Vergi dairelerinin, artık vergi tahsil işini de büyük oranda bir kenara bıraktığını ve işin bankalar aracılığıyla gerçekleştirildiğini, vatandaşların beyanname vermek ya da vergisini ödemek için vergi dairesine gitme zorunluluğunun böylece ortadan kaldırılacağını belirten Arıoğlu, "Geçtiğimiz yıllarda, özellikle beyanname verme ve vergi ödemenin son günlerinde, vergi ödeme kuyruğunda bayıldı gibi basınımıza da intikal eden haberleri görebiliyorduk ama artık bunlar nostaljide kalacak. Belki de yaşı daha genç meslektaşlarımız, geçmişte yaşananları hayretler içinde dinleyecekler. Artık o noktaya geliyoruz. Dolayısıyla bu yeni idarenin, dünyadaki yeni yaklaşıma paralel olarak, birinci misyonu ve vizyonu mükellef odaklılık" dedi.
Türkiye'nin çok önemli bir değişime girdiğini, reformlarda öncülüğü gelir idaresinin aldığını ifade eden Arıoğlu, "Artık vergi işinin taşradaki patronajı eskiden olduğu gibi defterdarlık bünyesinde değil, doğrudan merkez taşra bütünlüğü içinde çalışan ve daha süratle etkinlik kazanmış olan vergi dairesi başkanlarınca yürütülecek. İstanbul, Ankara, İzmir, Bursa, Adana dahil, artık vergi dairesi başkanlarımız ayrı, defterdarlar ayrı olacak ve işleri de tamamen ayrı" diye konuştu.

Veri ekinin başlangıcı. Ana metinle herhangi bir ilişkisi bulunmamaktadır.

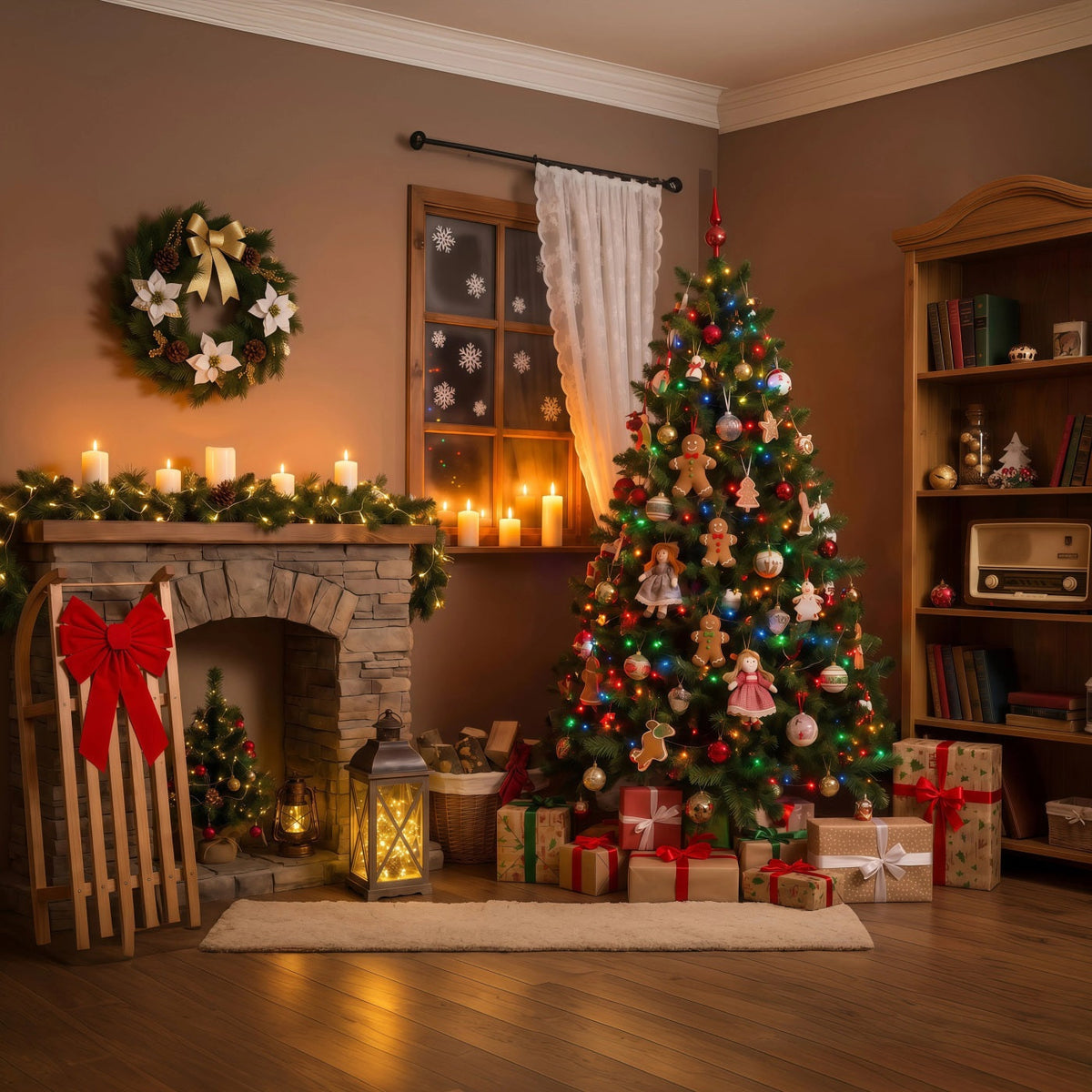 Décor De La Nuit De Noël Décoration De Poupée Pour Cheminée Cosy Décors Photographiques De Noël RR69-42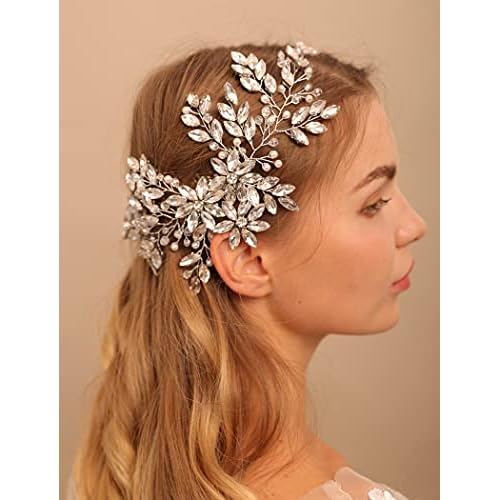 Rhinestone Crystal Flower Hair Comb with Headpiece for Bride, Wedding and Women Girls Silver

Arıoğlu, Türkiye'nin vergilerinin yüzde 95'inin toplandığı 29 ilde yeni bir örgütlenmeye gidildiğini, gelişmiş ülke uygulamalarının örnek alındığını, ancak gayelerinin yeni bir bürokratik yapı oluşturmak olmadığını kaydetti. Arıoğlu, vergi işinin artık daha merkezi, daha yarı özerk bir yapıda ve herkese eşit mesafede devam edeceğini söyledi. Arıoğlu, bunu yapmak için sadece vergi dairesi başkanlıklarının kurulmasının yetmediğini, kayıt dışını önlemek üzere idari altyapıyı teknolojik anlamda da güçlendirmek gerektiğini ifade etti. Arıoğlu, hükümetin acil eylem planında belirtilen hedeflerin gerçekleştirilmesi anlamında vergiyle ilgili büyük bir realizasyon sağlandığını dile getirdi.

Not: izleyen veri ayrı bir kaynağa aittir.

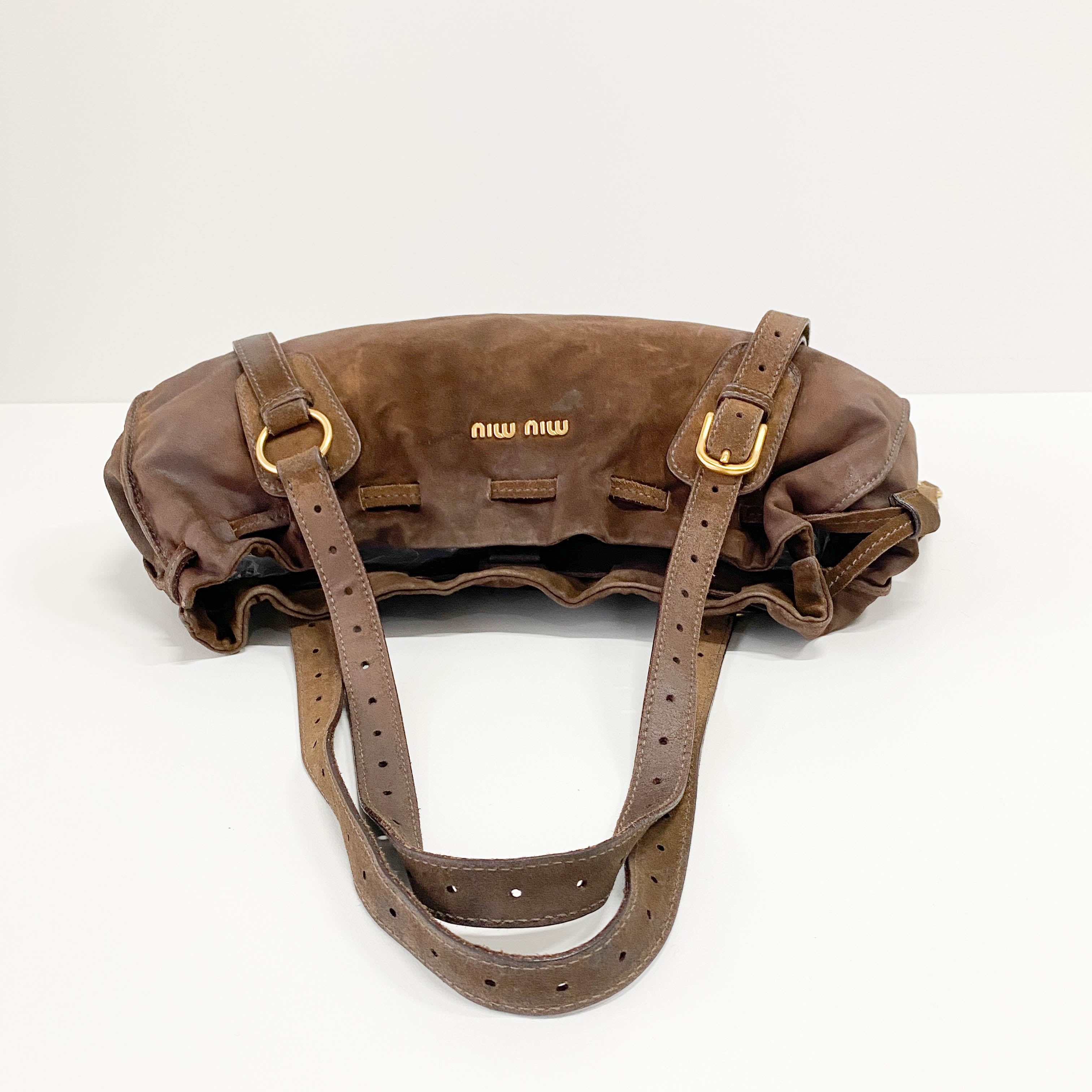 Brown Suede Shoulder Bag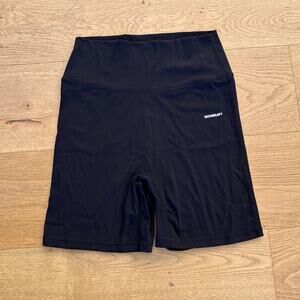 Second Left - Nandex High Waist Mid Length Bike Shorts in Black
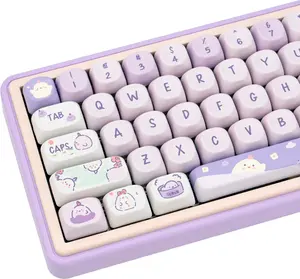 Jimi Cute Bird MOA Keycap Set Pink Key Caps Custom PBT Keycaps with Sublimation Printing for Mechanical Keyboards 132 Keys Pastel Color Thickened Wall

Arıoğlu, "Vergi oranlarında önemli indirimler yapıldı, bunların devamının da geleceği ama bunun koşulunun artık kayıt dışına bir yerde dur demek olduğunu, tüm mükelleflerimizin eski alışkanlıklarından bu anlamda vazgeçmeleri gerektiğini de hatırlatıyoruz. Kayıt dışılığın, kendi arasında kayıtlı çalışana bir haksız rekabet yarattığını, şayet devletin belli bir vergi gelirini toplayamaması halinde ekonomide oluşacak istikrarsızlığın, kaçırılan vergiden daha fazla maliyet olarak vergi kaçırana da yansıdığını bilmesi gerekiyor. Yani Türkiye'de 3 yıldır uygulanan programın sonucunda enflasyonda tek haneli rakamlara gelinmiş, reel faizlerde yine tek haneli rakamlara düşülmüşse bunun altında mali disiplin, bütçe hedeflerine sıkı sıkıya bağlılık yatmaktadır" dedi.

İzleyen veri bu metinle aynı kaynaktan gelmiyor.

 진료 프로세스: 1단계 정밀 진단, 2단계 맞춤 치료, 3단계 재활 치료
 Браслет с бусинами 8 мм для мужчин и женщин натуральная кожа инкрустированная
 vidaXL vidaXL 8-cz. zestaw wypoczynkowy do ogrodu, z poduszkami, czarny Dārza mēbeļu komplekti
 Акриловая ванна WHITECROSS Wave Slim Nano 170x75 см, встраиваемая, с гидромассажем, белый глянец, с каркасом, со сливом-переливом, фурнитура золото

Vatandaşları fiş almaya davet eden Arıoğlu, "Bunu da sağlayan işin gelir tarafını gerçekleştiren buradaki arkadaşlarımız. Ama vergi oranlarında daha iyi noktalara gelmek için artık, mükelleflerimizin eski alışkanlıklarından vazgeçmesi, vatandaşlarımızın da aslında yaptıkları alışverişte fiyatın içinde olan KDV'yi belge almamak suretiyle devlete gitmesi yerine işletmede bırakmayı tercih ettiklerini bilmeleri gerekiyor. Çünkü hiçbir vatandaşımız tanımadığı bilmediği bir işletmeyi finanse etmeyi arzulamaz normal şartlarda. Fiş almamanın net olarak bu anlama geldiğini vatandaşlarımıza hatırlatmak istiyorum" şeklinde konuştu.